> Goal of the exercise: Copy every entry exactly as it reads and exclude whatever pictures appear.

> Supplied data:
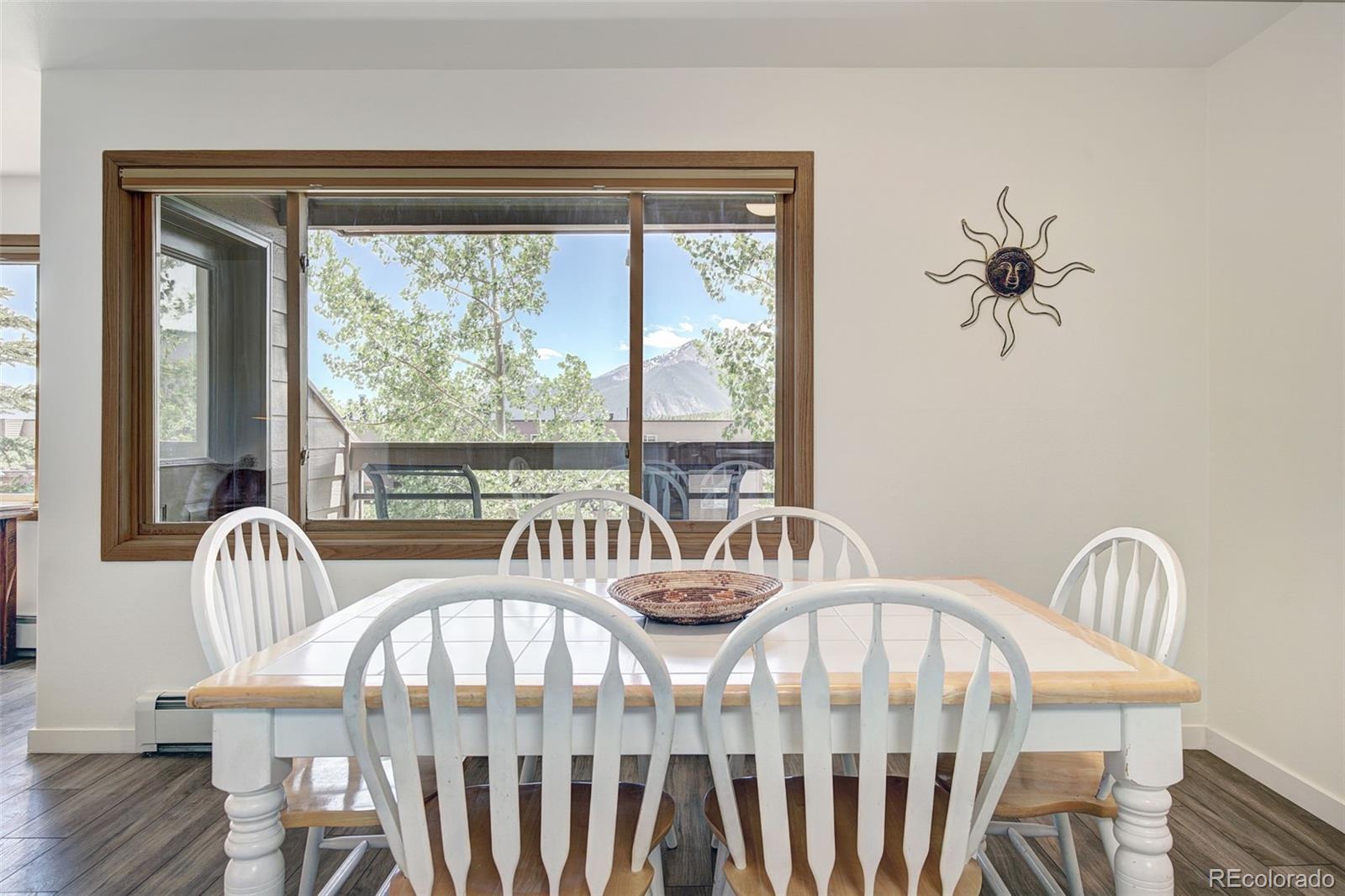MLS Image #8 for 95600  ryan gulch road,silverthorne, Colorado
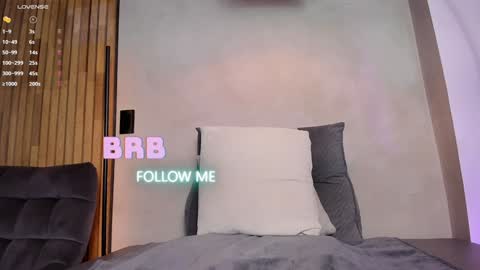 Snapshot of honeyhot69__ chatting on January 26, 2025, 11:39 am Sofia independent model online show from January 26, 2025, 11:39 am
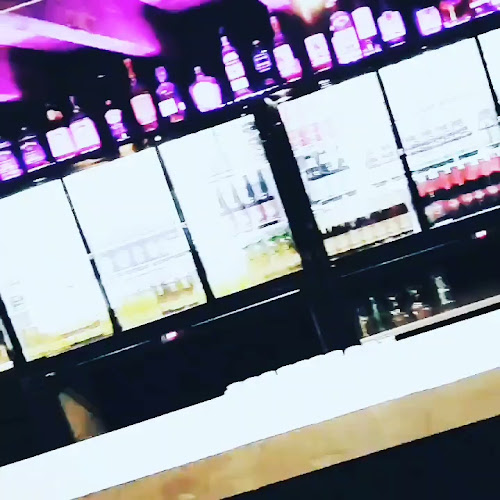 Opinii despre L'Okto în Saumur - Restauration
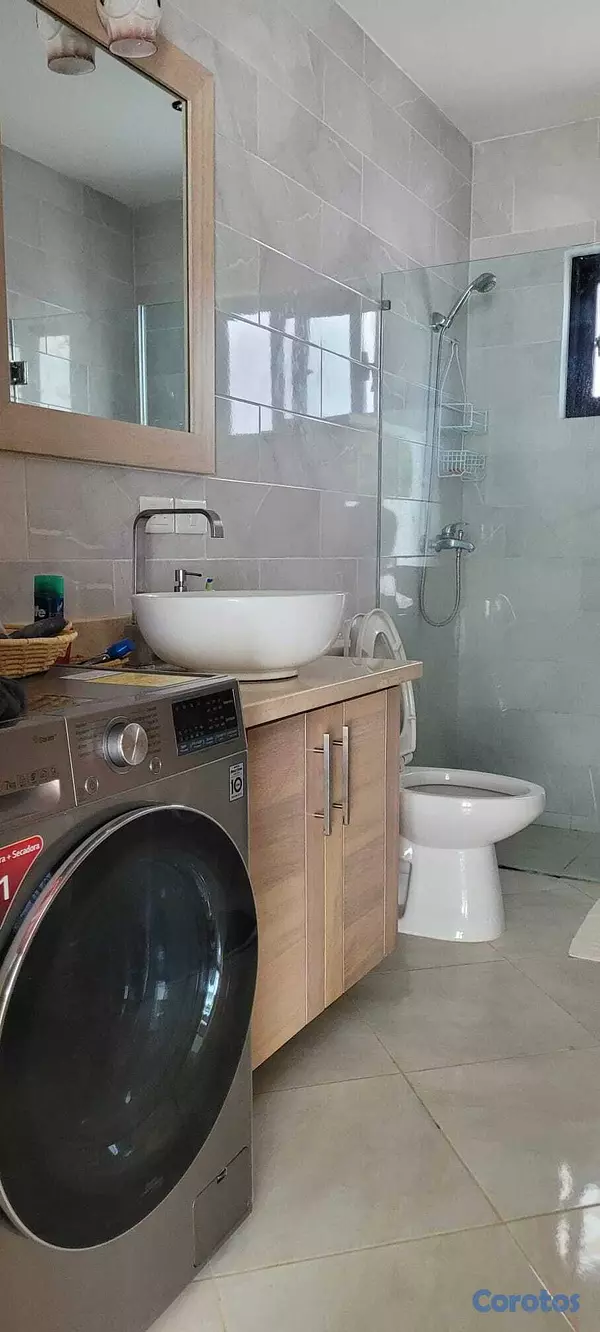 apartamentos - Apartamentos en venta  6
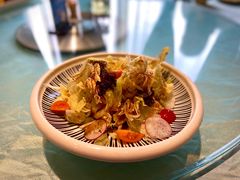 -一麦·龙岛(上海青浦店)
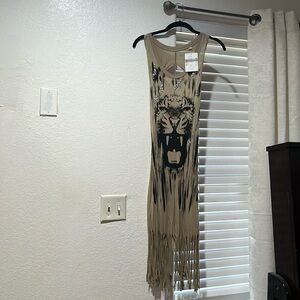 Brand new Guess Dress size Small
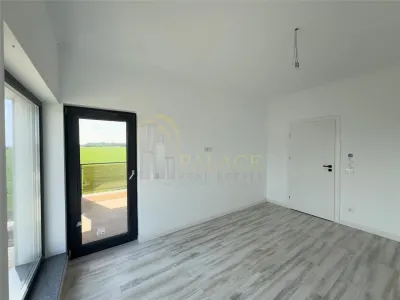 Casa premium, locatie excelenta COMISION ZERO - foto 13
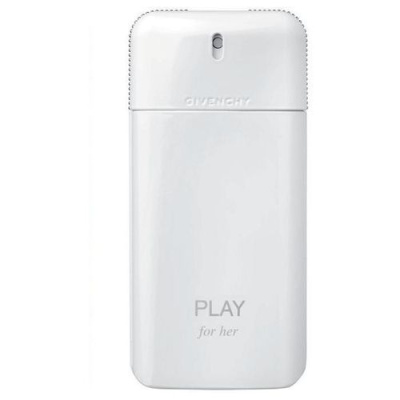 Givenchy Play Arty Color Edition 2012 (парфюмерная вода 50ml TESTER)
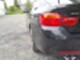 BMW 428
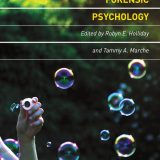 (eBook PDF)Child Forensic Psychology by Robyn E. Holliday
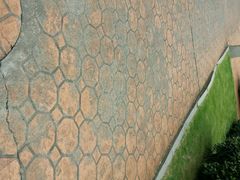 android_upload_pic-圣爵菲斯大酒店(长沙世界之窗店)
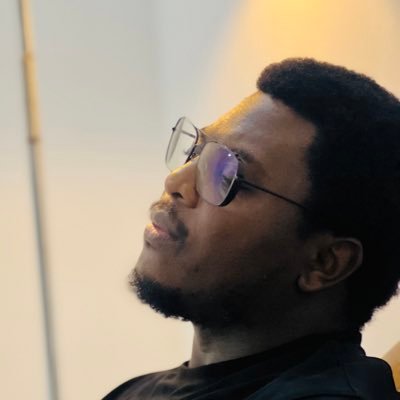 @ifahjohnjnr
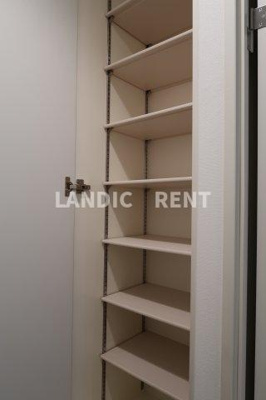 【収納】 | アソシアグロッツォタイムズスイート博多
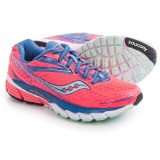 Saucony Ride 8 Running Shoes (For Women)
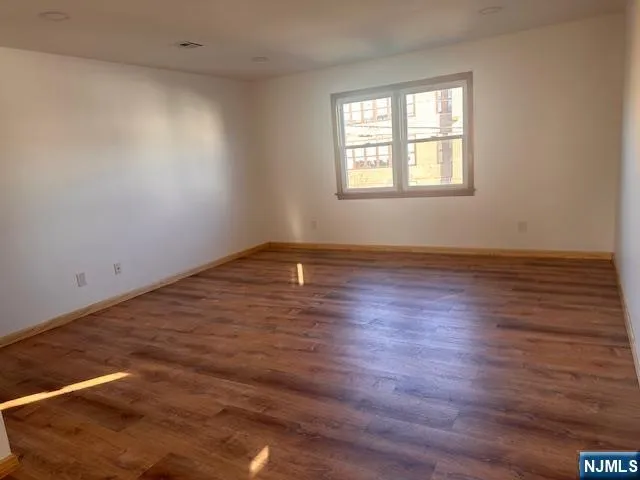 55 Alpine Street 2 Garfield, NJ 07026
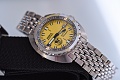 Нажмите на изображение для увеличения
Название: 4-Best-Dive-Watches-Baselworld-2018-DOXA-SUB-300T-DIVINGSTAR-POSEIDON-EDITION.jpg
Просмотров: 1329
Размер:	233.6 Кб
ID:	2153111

> Reply:
MLS Image #8 for 95600  ryan gulch road,silverthorne, Colorado
 Snapshot of honeyhot69__ chatting on January 26, 2025, 11:39 am Sofia independent model online show from January 26, 2025, 11:39 am
 Opinii despre L'Okto în Saumur - Restauration
 apartamentos - Apartamentos en venta  6
 -一麦·龙岛(上海青浦店)
 Brand new Guess Dress size Small
 Casa premium, locatie excelenta COMISION ZERO - foto 13
 Givenchy Play Arty Color Edition 2012 (парфюмерная вода 50ml TESTER)
 BMW 428
 (eBook PDF)Child Forensic Psychology by Robyn E. Holliday
 android_upload_pic-圣爵菲斯大酒店(长沙世界之窗店)
 @ifahjohnjnr
 【収納】 | アソシアグロッツォタイムズスイート博多
 Saucony Ride 8 Running Shoes (For Women)
 55 Alpine Street 2 Garfield, NJ 07026
 Нажмите на изображение для увеличения
Название: 4-Best-Dive-Watches-Baselworld-2018-DOXA-SUB-300T-DIVINGSTAR-POSEIDON-EDITION.jpg
Просмотров: 1329
Размер:	233.6 Кб
ID:	2153111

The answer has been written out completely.